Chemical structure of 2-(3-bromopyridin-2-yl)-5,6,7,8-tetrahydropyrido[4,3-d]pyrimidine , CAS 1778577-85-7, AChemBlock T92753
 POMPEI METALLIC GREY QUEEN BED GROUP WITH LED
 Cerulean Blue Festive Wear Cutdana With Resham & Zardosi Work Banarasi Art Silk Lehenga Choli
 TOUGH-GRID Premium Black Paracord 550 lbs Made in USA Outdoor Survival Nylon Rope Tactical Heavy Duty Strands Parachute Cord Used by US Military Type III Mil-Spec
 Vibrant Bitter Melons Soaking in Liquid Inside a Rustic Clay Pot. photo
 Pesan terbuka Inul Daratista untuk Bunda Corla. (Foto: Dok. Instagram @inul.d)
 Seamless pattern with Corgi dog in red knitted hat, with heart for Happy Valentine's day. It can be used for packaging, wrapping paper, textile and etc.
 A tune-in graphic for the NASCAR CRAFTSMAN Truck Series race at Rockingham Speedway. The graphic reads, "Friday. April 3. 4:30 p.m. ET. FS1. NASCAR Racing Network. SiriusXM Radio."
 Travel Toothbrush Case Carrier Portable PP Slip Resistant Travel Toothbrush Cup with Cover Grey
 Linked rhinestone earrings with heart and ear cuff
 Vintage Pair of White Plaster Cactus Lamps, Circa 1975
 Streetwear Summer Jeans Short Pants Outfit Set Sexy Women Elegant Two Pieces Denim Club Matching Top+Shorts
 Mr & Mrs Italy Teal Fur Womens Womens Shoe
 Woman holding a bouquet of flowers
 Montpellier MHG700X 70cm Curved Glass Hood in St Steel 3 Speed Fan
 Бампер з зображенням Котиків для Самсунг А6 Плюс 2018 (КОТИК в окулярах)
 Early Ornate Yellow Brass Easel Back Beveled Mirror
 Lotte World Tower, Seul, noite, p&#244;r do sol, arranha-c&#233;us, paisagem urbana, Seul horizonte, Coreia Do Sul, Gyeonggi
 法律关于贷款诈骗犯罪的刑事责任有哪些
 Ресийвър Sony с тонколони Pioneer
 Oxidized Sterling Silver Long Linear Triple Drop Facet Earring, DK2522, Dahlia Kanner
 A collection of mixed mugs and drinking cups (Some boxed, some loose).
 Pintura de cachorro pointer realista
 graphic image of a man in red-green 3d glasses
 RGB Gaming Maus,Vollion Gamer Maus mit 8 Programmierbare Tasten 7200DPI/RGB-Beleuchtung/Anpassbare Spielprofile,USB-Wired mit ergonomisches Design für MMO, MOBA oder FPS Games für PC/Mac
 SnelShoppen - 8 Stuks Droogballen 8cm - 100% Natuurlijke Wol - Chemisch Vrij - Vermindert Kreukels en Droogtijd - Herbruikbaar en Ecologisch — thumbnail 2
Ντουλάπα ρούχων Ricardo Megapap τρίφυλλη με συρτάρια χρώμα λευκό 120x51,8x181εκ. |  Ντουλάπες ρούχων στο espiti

*Work item*
Here the output must be the lines above from the line with "Vibrant Bitter Melons" to the line with "Travel Toothbrush Case", both included, duplicated word for word and nothing else.

*Solution*
 Vibrant Bitter Melons Soaking in Liquid Inside a Rustic Clay Pot. photo
 Pesan terbuka Inul Daratista untuk Bunda Corla. (Foto: Dok. Instagram @inul.d)
 Seamless pattern with Corgi dog in red knitted hat, with heart for Happy Valentine's day. It can be used for packaging, wrapping paper, textile and etc.
 A tune-in graphic for the NASCAR CRAFTSMAN Truck Series race at Rockingham Speedway. The graphic reads, "Friday. April 3. 4:30 p.m. ET. FS1. NASCAR Racing Network. SiriusXM Radio."
 Travel Toothbrush Case Carrier Portable PP Slip Resistant Travel Toothbrush Cup with Cover Grey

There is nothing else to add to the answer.